Note: EJA: esophagogastric junction adenocarcinoma; OS: overall survival; SD: standard deviation; BMI: body mass index.

Discrimination evaluation of nomogram

After constructing the nomogram, we used C-index to evaluate its discrimination. The C-index of the constructed nomogram was 0.65 (95% CI: 0.62 ~ 0.68) in the training group, higher than using the TNM system (0.62; 95% CI: 0.59 ~ 0.65; p = 0.044) (Table 2). After combining the nomogram and TNM system, the C-index in prognostic prediction rose to 0.71 (95% CI: 0.68 ~ 0.74), which was also higher than using the TNM staging system alone (p < 0.001). In the validation group, the C-index of the nomogram/TNM combination was 0.70 (95% CI: 0.66 ~ 0.74), still higher than the TNM system alone (p < 0.001).

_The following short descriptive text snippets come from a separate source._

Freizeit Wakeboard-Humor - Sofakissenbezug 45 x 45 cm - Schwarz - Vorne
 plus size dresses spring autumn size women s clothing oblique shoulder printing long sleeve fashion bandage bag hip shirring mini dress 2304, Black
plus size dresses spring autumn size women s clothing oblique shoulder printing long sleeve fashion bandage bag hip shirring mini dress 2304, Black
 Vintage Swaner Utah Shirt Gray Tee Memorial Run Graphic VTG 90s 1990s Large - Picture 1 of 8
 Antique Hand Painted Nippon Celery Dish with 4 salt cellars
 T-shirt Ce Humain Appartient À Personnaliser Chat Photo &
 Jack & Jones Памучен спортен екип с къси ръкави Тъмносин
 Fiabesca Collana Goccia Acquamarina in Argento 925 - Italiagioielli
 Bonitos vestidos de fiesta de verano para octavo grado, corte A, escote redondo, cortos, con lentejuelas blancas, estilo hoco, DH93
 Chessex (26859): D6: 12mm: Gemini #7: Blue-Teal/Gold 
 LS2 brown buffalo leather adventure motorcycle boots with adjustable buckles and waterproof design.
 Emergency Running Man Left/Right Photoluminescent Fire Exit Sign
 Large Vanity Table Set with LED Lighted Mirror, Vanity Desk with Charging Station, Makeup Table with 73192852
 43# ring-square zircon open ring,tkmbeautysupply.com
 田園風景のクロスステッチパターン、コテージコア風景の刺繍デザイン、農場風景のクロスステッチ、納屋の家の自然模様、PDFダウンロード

Calibration and improvement assessment of nomogram

As shown in Figure 3A and 3B, calibration curves exhibited that the nomogram-predicted probabilities of 5-year OS were both in consistency with the actual 5-year OS in both groups. Then, NRI and IDI were further applied to evaluate the precise prognosis predictive improvement of the TNM/nomogram combination compared with the TNM system alone. Figure 4A showed that the accuracy of the nomogram/TNM combination was better in predicting 5-year OS in the training group (NRI = 0.30, 95% CI: 0.20 ~ 0.39, p < 0.001; IDI = 0.11, 95% CI: 0.07 ~ 0.16, p < 0.001). The similar results could be found in the validation group (Figure 4B; NRI = 0.27, 95% CI: 0.09 ~ 0.40, p = 0.008; IDI = 0.05, 95% CI: 0.02 ~ 0.11, p = 0.004).

 Figure 1 

Recruitment process of EJA patients. EJA: esophagogastric junction adenocarcinoma.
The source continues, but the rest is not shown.